In the first case, null doesn’t fit the use case, so there’s no need for it. When possible, this is ideal, and you avoid the necessity for null checks.

For the second case, architecting this way always seems to involve adding more complexity, to the point where it’s questionable if there’s a net benefit.

Pivot tables

One of the more interesting things I’ve learned about recently, that’s proven itself incredibly useful, is the pivot table. A pivot table turns rows into columns. This may seem odd, but the utility of this transformation becomes apparent when you have data that can’t be modeled precisely by a set of attributes because there are attributes which apply to some pieces of data and not others.
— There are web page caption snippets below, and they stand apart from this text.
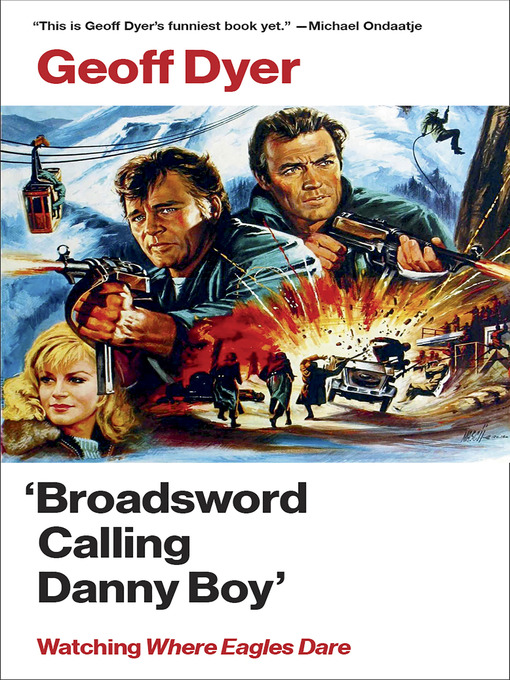 Cover image for 'Broadsword Calling Danny Boy'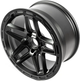 Диски из кованого алюминия GBT Custom V1 R20 комплект 20*10J ET = 0 для Mercedes G сlass W463 1990-2018 гг - изображение 7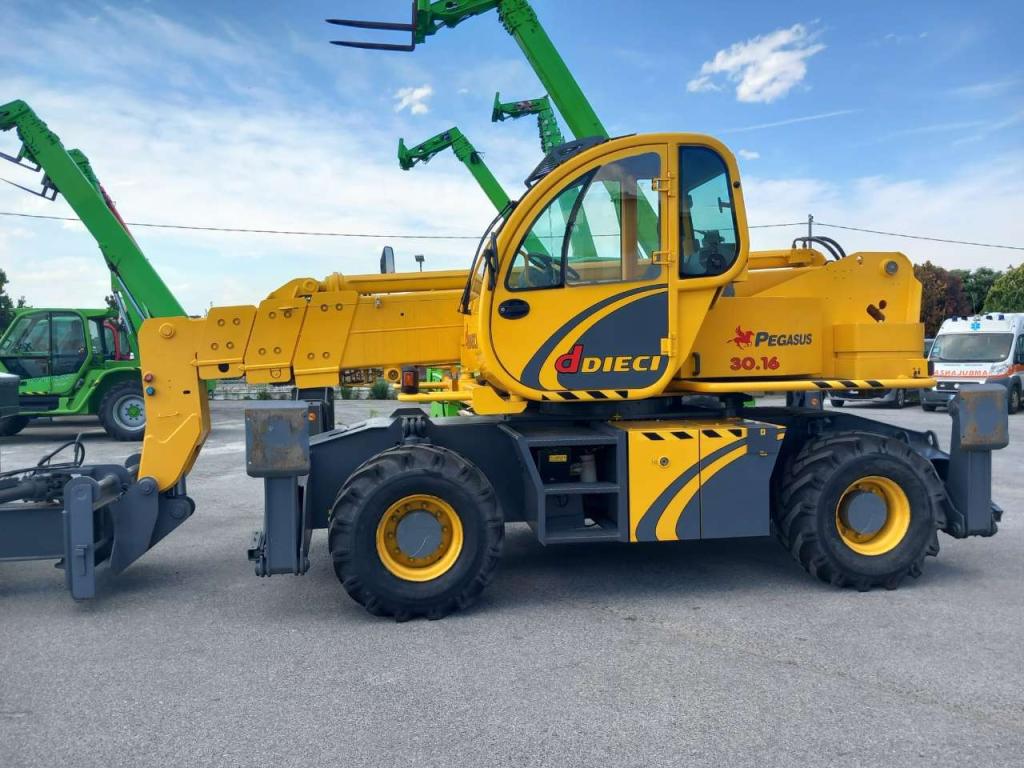 Dieci 30.16 Foto 2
The typical solution to this problem is simply to have additional columns, allowing for NULL values or defining an appropriate default value (e.g. empty string). However, with a large number of attributes or with user-defined attributes, this solution becomes unattractive, and constructing a pivot table is preferable.

Here I’ll present an example of constructing a pivot table for a schema in which a number of optional attributes, stored as key-value pairs, are attributed to entities. Here’s an ER diagram of the simple schema used in this example:

Pivot Table example schema

  • entities holds a list of entities (companies, users, etc.), with name being the only attribute required for all entities.
  • keyvals hold a list of key-value pairs to associate with entities.
  • entity_attributes maps keyvals to entities.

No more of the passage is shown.